Some facts and figures about the federal riding of Peterborough-Kawartha

PETERBOROUGH, Ont. — Things to know about Ontario's Peterborough-Kawartha riding:

Worth watching: The race is on to elect a new MP in the riding of Peterborough-Kawartha, most recently held by disgraced former Conservative Dean Del Mastro. The district has been redrawn and replaces the old Peterborough riding. It will get a new MP for the first time in nearly a decade because Del Mastro, a former parliamentary secretary to Prime Minister Stephen Harper, stepped down after he was convicted in October 2014 of election spending violations in the 2008 campaign. In June, Del Mastro was sentenced to a month in jail. News cameras captured a rare sight after his sentencing: a former MP in shackles. Cameras rolled as Del Mastro, wearing handcuffs and leg irons, was marched by guards to a waiting van.

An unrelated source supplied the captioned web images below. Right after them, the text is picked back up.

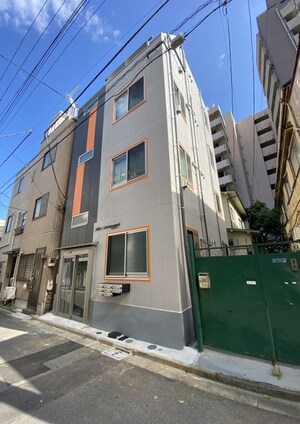 ジュリアス三ノ輪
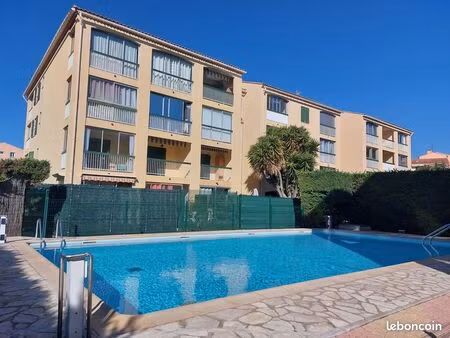 agréable studio en rez de jardin dans résidence sécurisée avec piscine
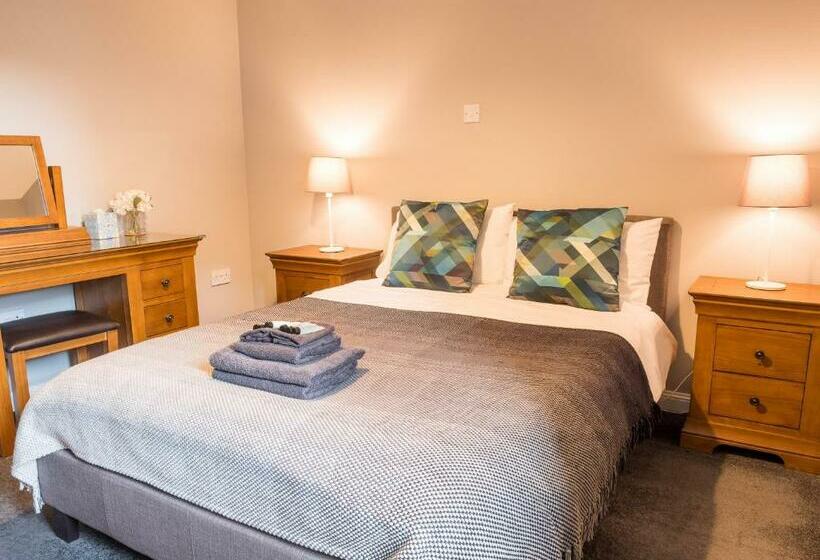 Пансион The Birches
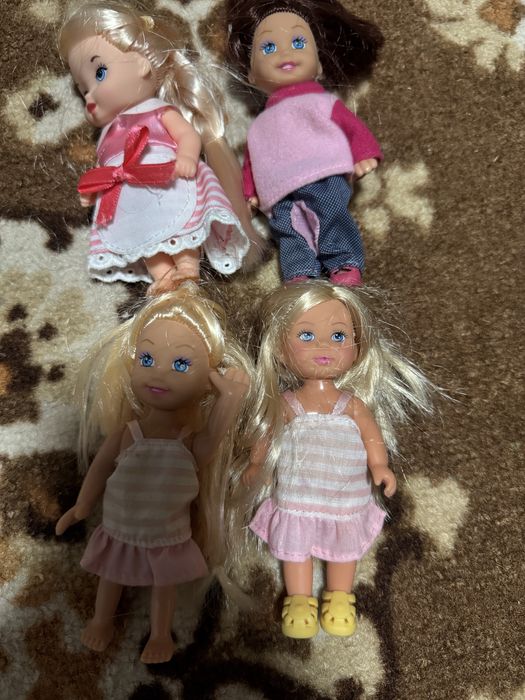 Набір маленьких пупсів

Population: 115,269 including the communities of Peterborough, Lakefield, Ennismore, Havelock and Buckhorn.

Incumbent: Del Mastro, who won three times in Peterborough, is not running.

Main challengers: The Tories have chosen local businessman Michael Skinner to try and hold the seat. Skinner owns event spaces, a restaurant and a property management firm, according to his campaign website. NDP candidate Dave Nickle is described on his website as a retired teacher and former district president of a teachers' federation. It also says Nickle, the runner-up to Del Mastro in 2011, is chair of a Peterborough community group that offers free legal advice and representation for lower-income residents. Liberal hopeful Maryam Monsef's profile says she is a former Peterborough mayoral candidate who represented the city at a United Nations commission on the status of women.

Election history: This bellwether riding has often elected MPs from the parties that win power, swinging back and forth between the Conservatives and Liberals for decades. Del Mastro first won the seat, previously held by the Liberals, in January 2006 and held it until he resigned in November 2014. He left the Tory caucus in September 2013 after being charged under the Canada Elections Act and sat as an Independent until his resignation.

Fun Fact: Walter Pitman won the riding in the 1960 byelection under the banner of the New Party, which later became the New Democratic Party. Pitman, a founder of the NDP, held the riding for nearly two years before losing the 1962 election to Progressive Conservative Fred Stenson.